Task to carry out: Repeat exactly the stretch of lines that starts with the one containing "Cliffs By White" and ends with the last line of the material. Leave out pictures.

Recorded information:
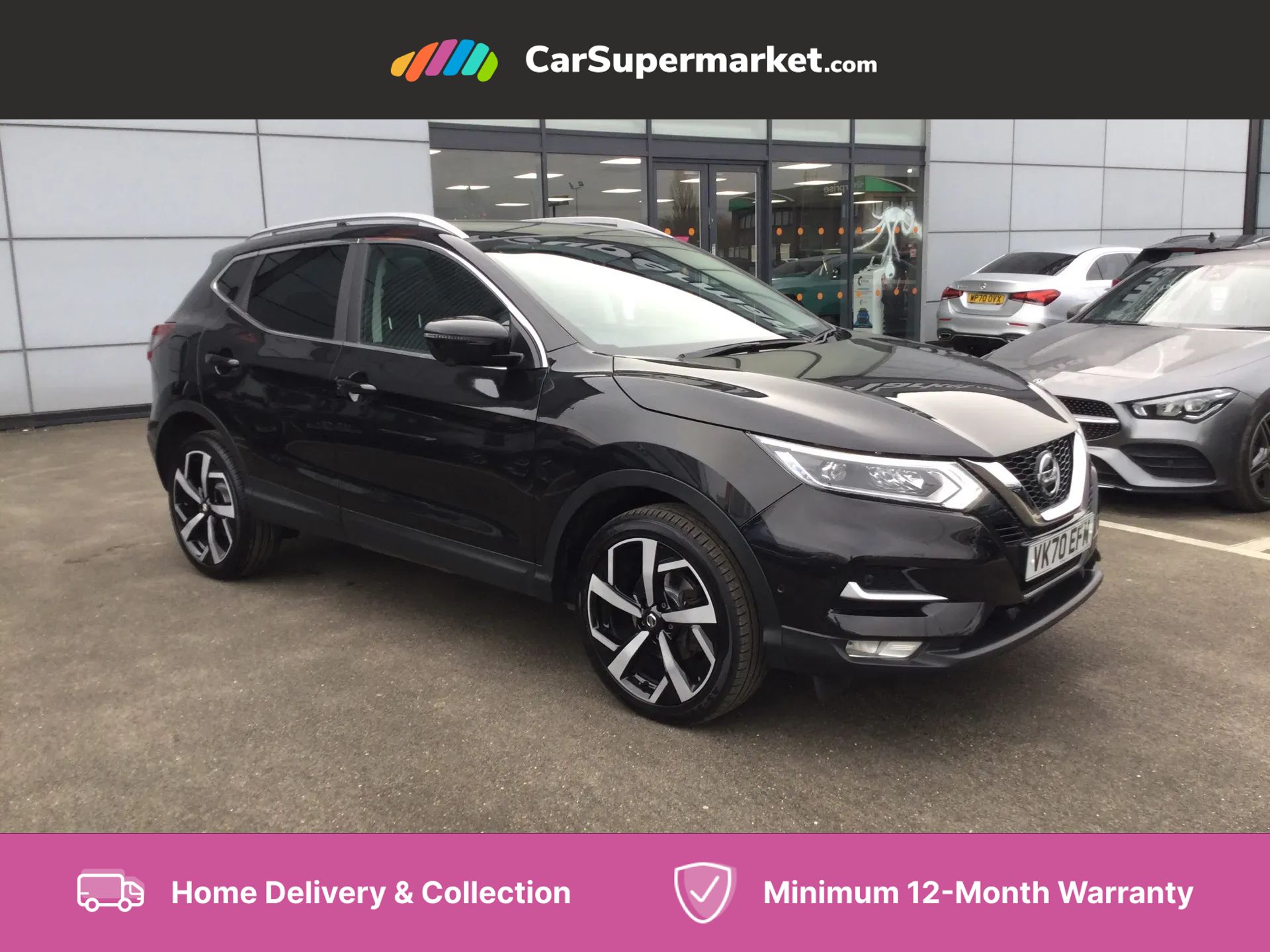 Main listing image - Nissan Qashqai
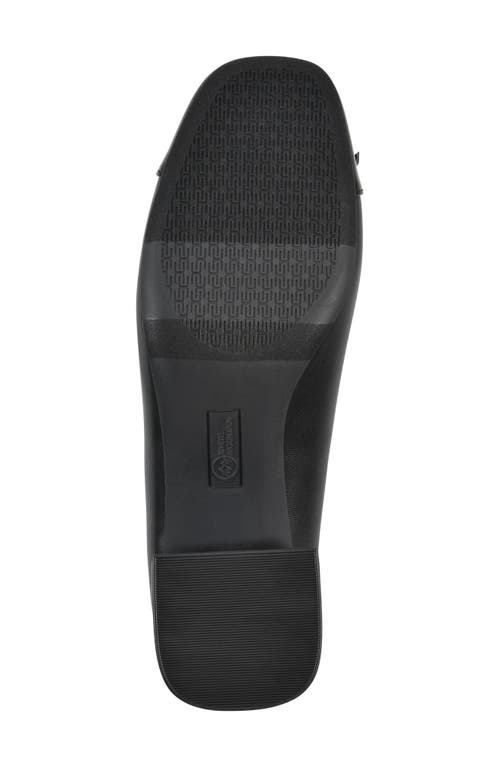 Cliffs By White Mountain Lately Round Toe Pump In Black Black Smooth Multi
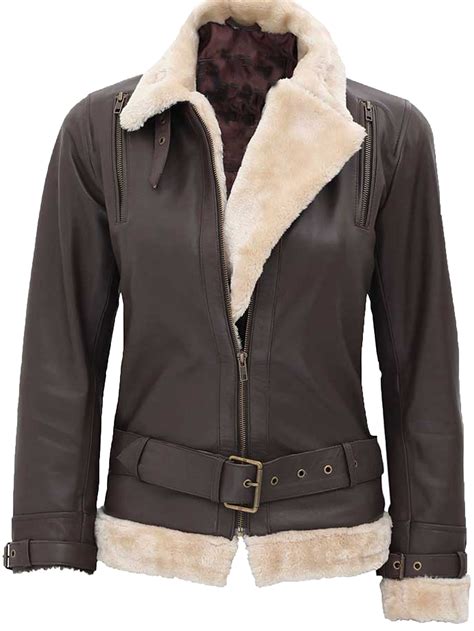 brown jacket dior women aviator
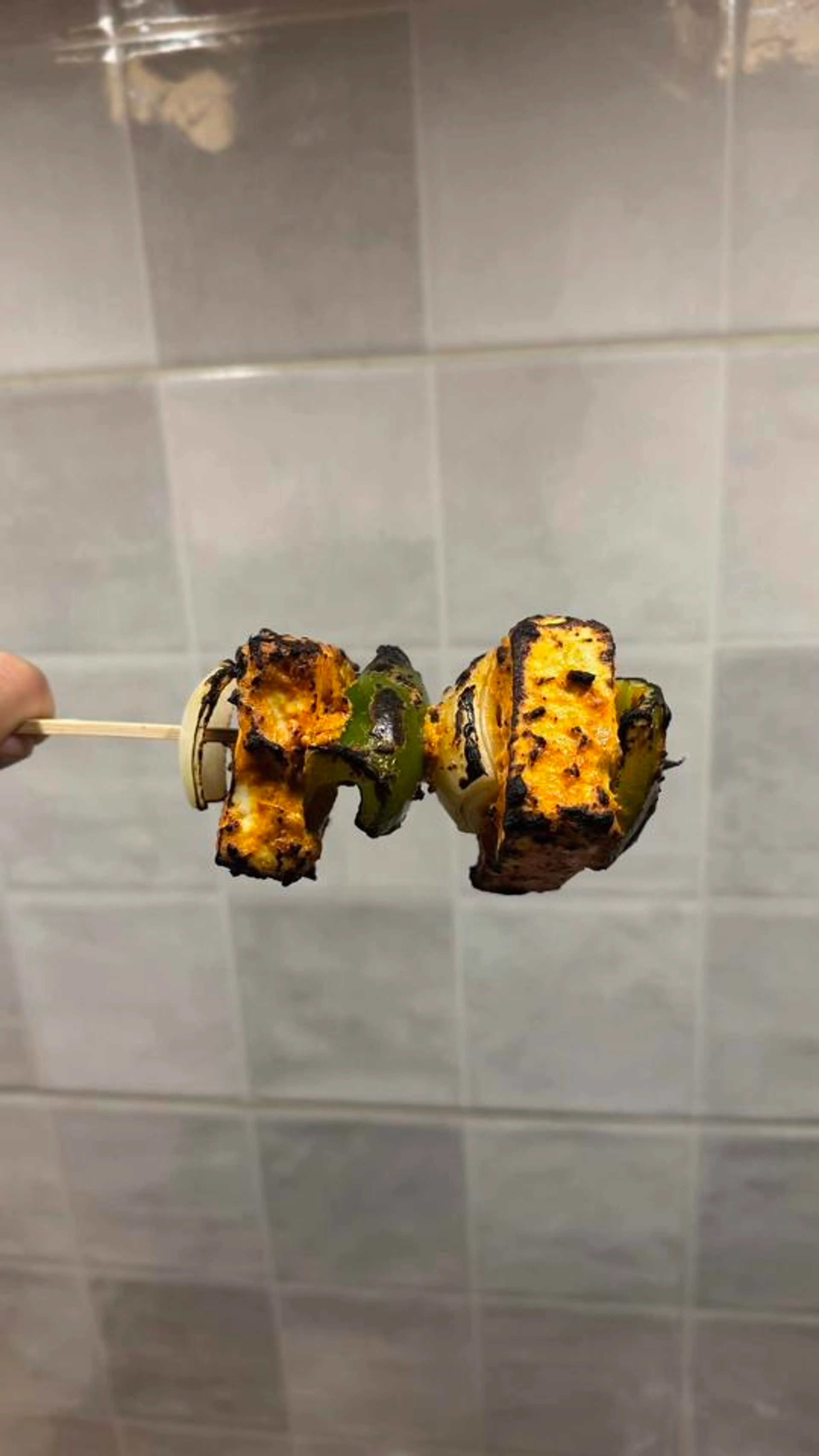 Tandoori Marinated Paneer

Result of the task:
 Cliffs By White Mountain Lately Round Toe Pump In Black Black Smooth Multi
 brown jacket dior women aviator
 Tandoori Marinated Paneer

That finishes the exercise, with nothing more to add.